L'estate passava felice per la cicala che si godeva il sole sulle foglie degli alberi e cantava, cantava, cantava.
Venne il freddo e la cicala imprevidente si trovò senza un rifugio e senza cibo.
Si ricordò che la formica per tutta l'estate aveva accumulato provviste nella sua calda casina sotto terra.
Andò a bussare alla porta della formica.
La formica si fece sulla porta reggendo una vecchia lampada ad olio.
- Cosa vuoi? - chiese con aria infastidita.
- Ho freddo, ho fame… - balbettò la cicala.
Dietro di lei si vedeva la campagna innevata.

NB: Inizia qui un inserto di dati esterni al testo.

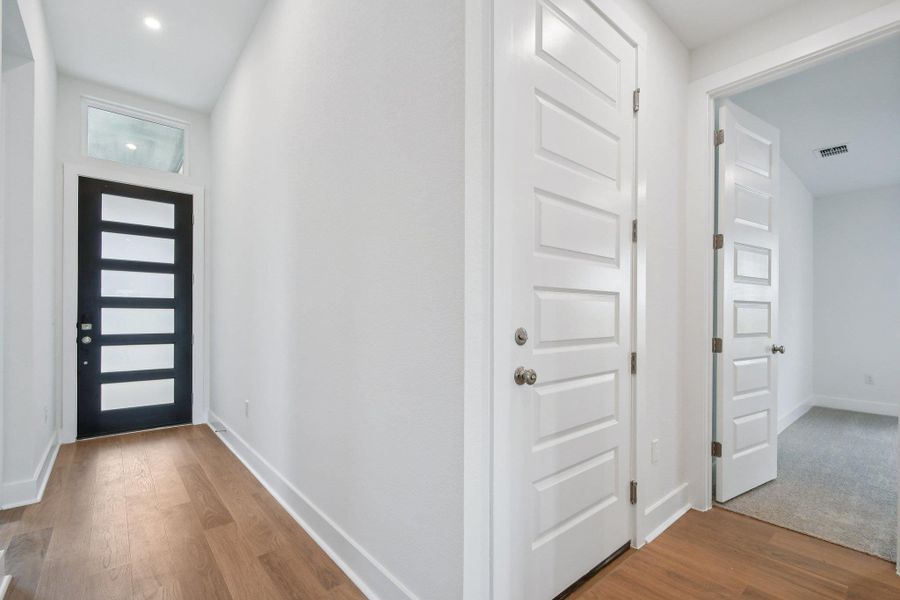 Spacious, unfurnished interior of a new home in Persimmon, Buda (Image 31). Spacious, unfurnished interior of a new home in Persimmon, Buda (Image 31).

Anche il cappello della cicala ed il violino erano pieni di neve.
- Ma davvero? - brontolò la formica - Io ho lavorato tutta l'estate per accumulare il cibo per l'inverno. Tu che cosa hai fatto in quelle giornate di sole? -
- Io ho cantato! -
- Hai cantato? Bene… adesso balla! -
La formica richiuse la porta e tornò al calduccio della sua casetta, mentre la cicala, con il cappello ed il violino coperti di neve, si allontanava, ad ali basse, nella campagna.


Morale
Alzi la mano chi tra di noi quando lesse (o si sentì raccontare questa favoletta) per la prima volta
non provò un'istintiva repulsione verso l'antipatica formica e solo tanta tanta simpatia
nei confronti dell'allegra cicala.
Ora che bambini più non siamo
mi auguro che il messaggio lanciato da La Fontaine sia chiaro.